Они удивленно вскинули брови, а Ацамаз покачал головой и сказал:
— Народ поможет.
— Я так хочу. Сам сделаю.
Мужчины беспокойно переминались с ноги на ногу. Ветер принес с реки прохладу. Ее было хорошо слышно, как и саму реку.
— Так не положено, — хотел было вмешаться Туган. — По обычаю…
— Не нужно, — перебил он и вздрогнул. Опомнившись, поднес руку к груди, но немного спустя упрямо повторил: — До нее ведь никто в нашем ауле… Так о каком обычае ты говоришь?..
Они помолчали.
— Здесь пять домов, — сказал Туган. — Их сложили за восемь лет… За восемь лет обычай не умирает.
— Он и не умер. Она умерла.
Они пристально посмотрели друг другу в глаза.
Хамыц лениво отметил про себя, что глаза-то у людей, оказывается, больно живые. Непохожи на сами лица. Никудышные глаза.
— Я должен это сделать сам, — сказал он.
Мужчины размышляли. Воздух играл у них за плечами. Небо было ясным, как студеная вода.

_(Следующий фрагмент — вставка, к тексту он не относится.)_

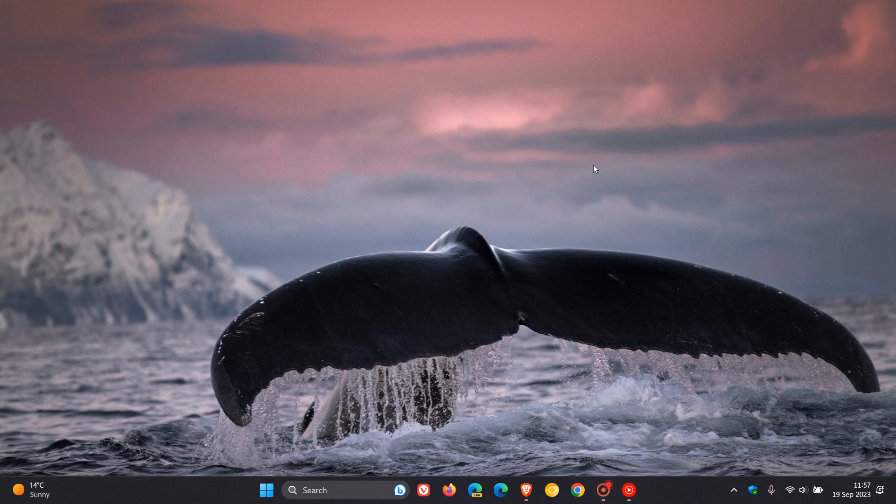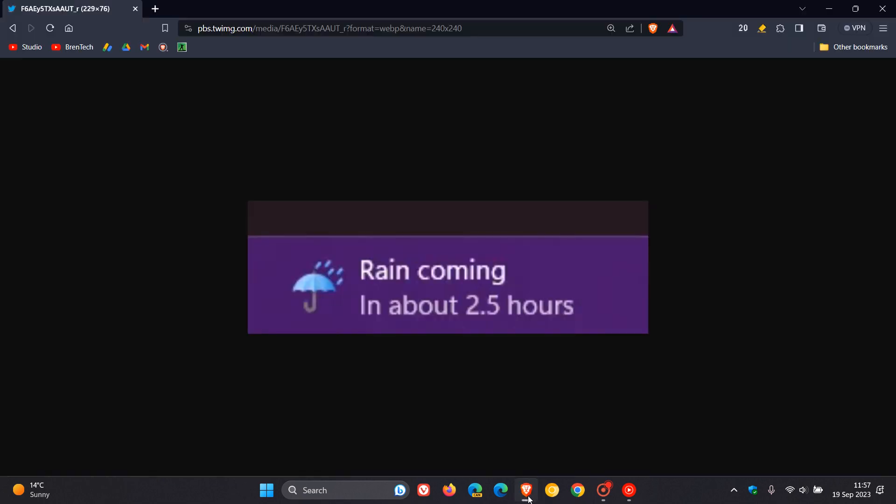This new feature was spotted by Xeno over on X, where there is apparently now a new weather widget notification that tells you when rain is due, which is currently not the case in the stable version of Windows 11.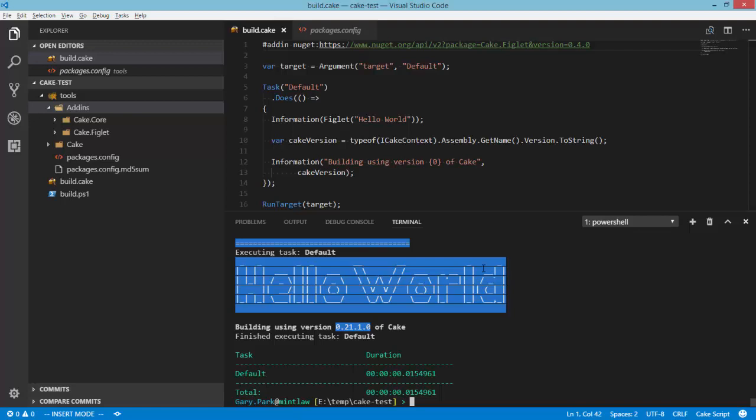So I hope that this has been useful and it illustrates that by default Cake when it executes is going to try and pull down the latest version of all artifacts and dependencies. But what you should be doing is pinning to specific versions of both Cake and the tools and add-ins that you're making use of within your scripts. Hopefully this was helpful — thank you very much for listening.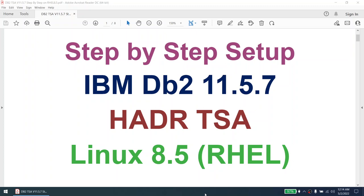Hello all. This is the step-by-step setup of IBM DB2 11.5.7 HADR TSA. This particular tutorial is done on Red Hat Enterprise Linux 8.5. What I'll cover in this tutorial is: installation of DB2, creation of the instance, creation of the database, setting the HADR, and finally setting the TSA cluster.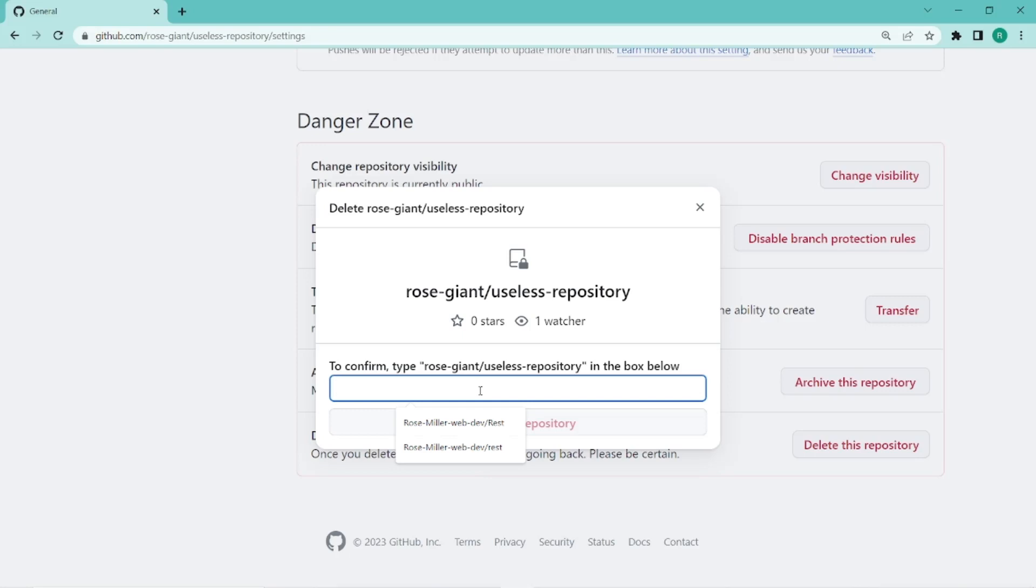And you need to write and actually type the same string here, which is rosy giant useless repository. Make sure it is completely the same.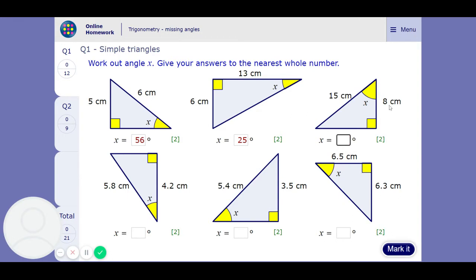This one is adjacent and hypotenuse, so it's going to be cos. I'm just trying to make it a bit more tricky by putting some decimals in, but when you've got a calculator it doesn't really make it any more tricky. We've got adjacent and hypotenuse again, so it's cos again. The answer is 44.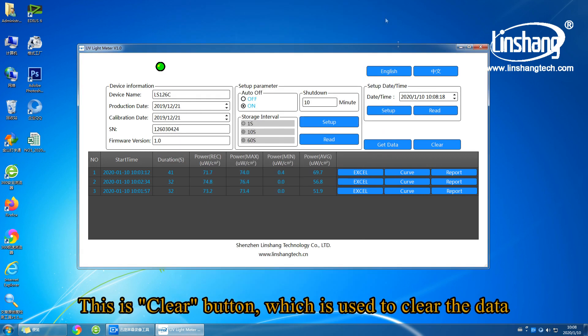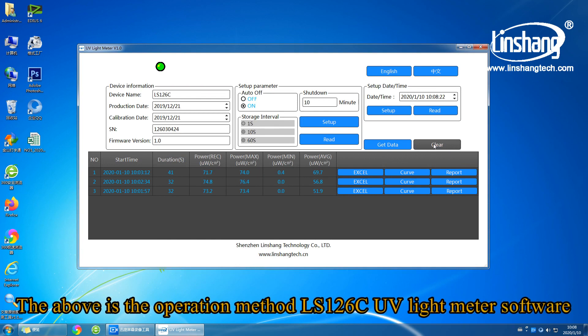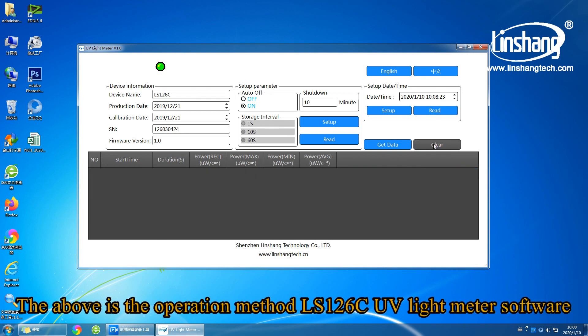This is the clear button, which is used to clear the data. The above is the operation method of the LS126C UV light meter software. Thank you.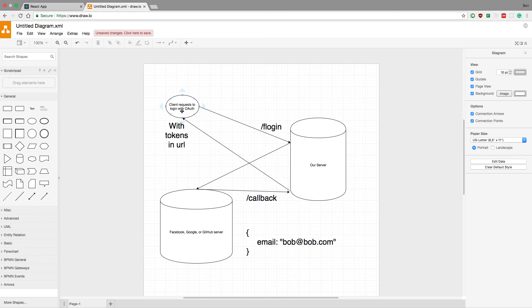So that is it for this video, guys. I hope it helps you understand how OAuth works. And thanks for watching.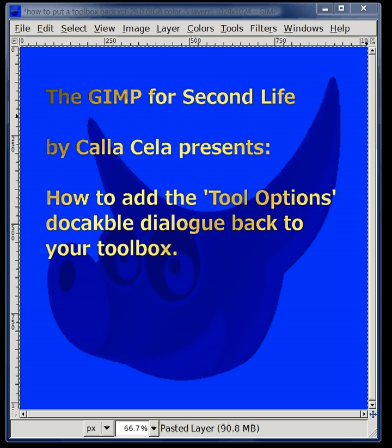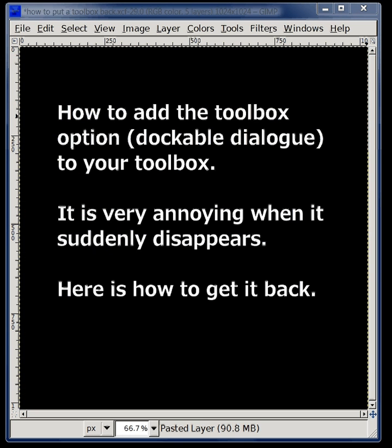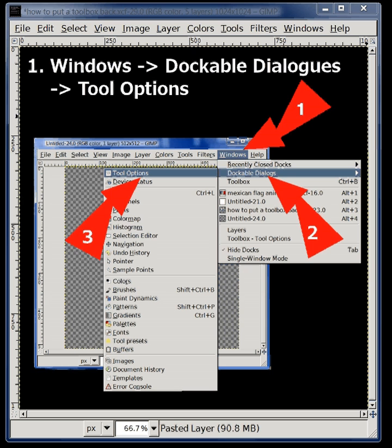Hi there, I'm Calicella. Welcome to GIMP for Second Life presents: how to add the Tool Options dockable dialog back to your toolbox. It's very annoying when it suddenly disappears, and here is how to get it back.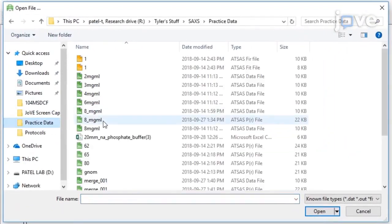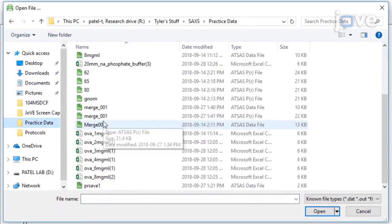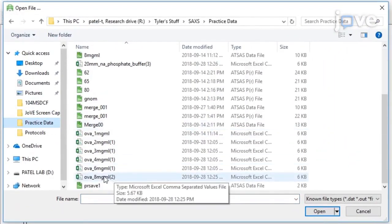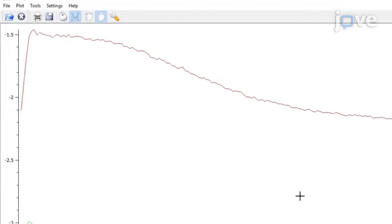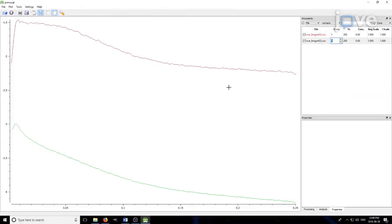Here, select up to 13 data files of interest. The data files must be in ASCII format, in which the first column is the S-vector axis and the second column is the intensity.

Хамыц прищурился и внимательно поглядел на синеющий холм за мостом. С той стороны чуть слепило солнце.
Ацамаз негромко спросил:
— Людям собираться к вечеру? В голосе его мешалось сомнение.
— Да, — сказал Хамыц. — К вечеру. Только завтра. Мужчины переглянулись. Один из них, тот, что был роднее брата, сказал:
— У меня есть бык. Он твой. Ты же знаешь… Хамыц поморщился.
— Нет. Он твой и твоим останется. Завтра мясо будет. К закату все будет. Пусть женщины займутся тестом. Пусть они идут по домам.